→ Information supplied:
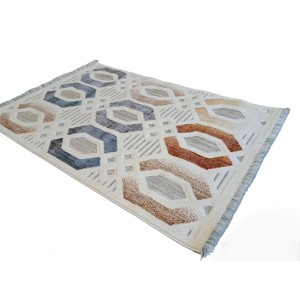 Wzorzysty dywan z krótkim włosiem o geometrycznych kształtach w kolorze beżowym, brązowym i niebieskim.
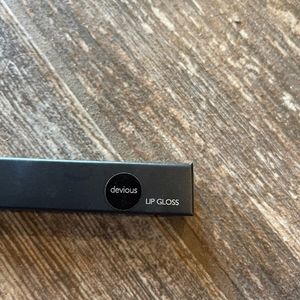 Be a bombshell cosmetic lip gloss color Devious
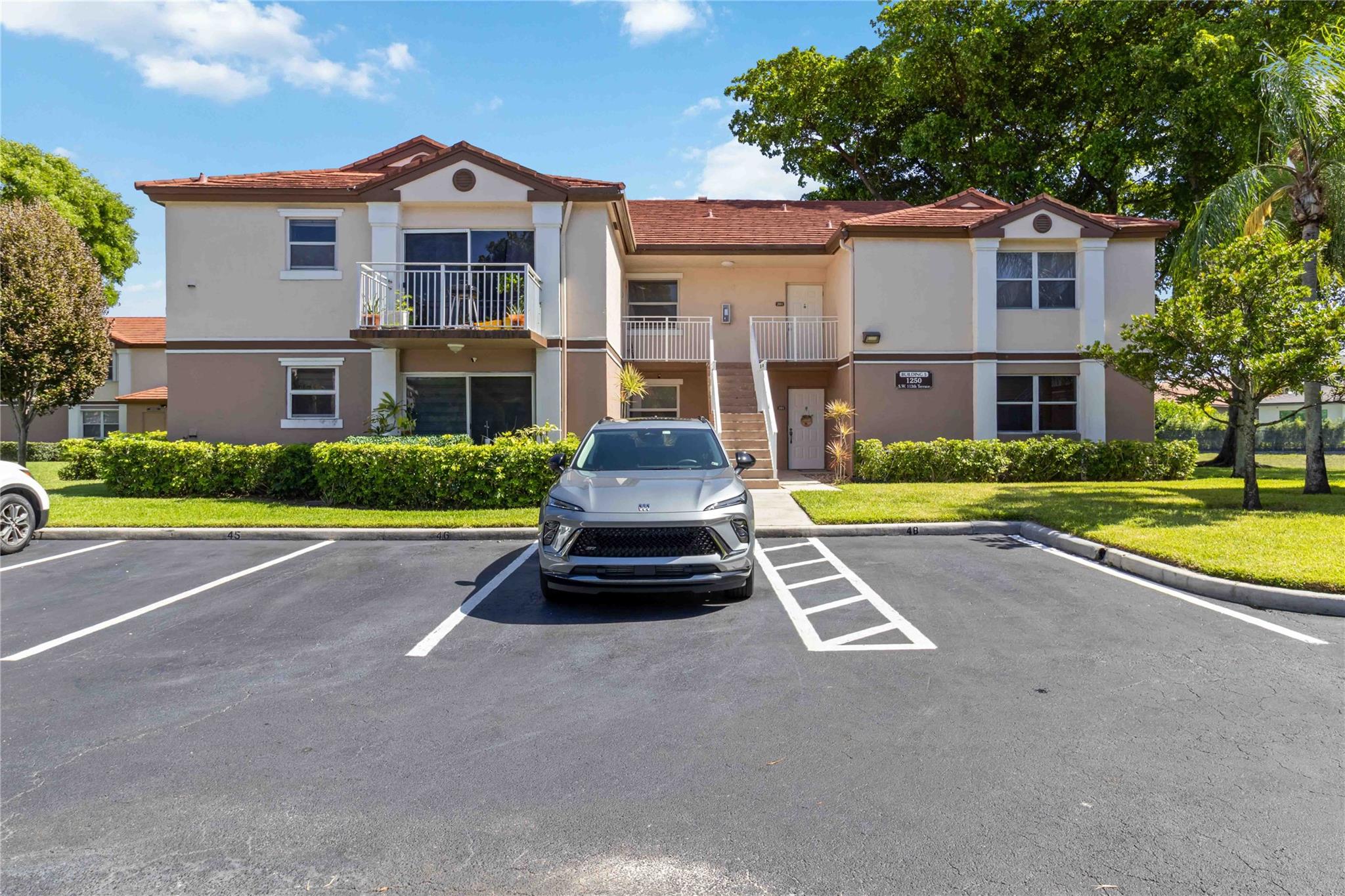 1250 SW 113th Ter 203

→ Task instructions: Copy each line above precisely, dropping the pictures.

→ Exercise answer:
 Wzorzysty dywan z krótkim włosiem o geometrycznych kształtach w kolorze beżowym, brązowym i niebieskim.
 Be a bombshell cosmetic lip gloss color Devious
 1250 SW 113th Ter 203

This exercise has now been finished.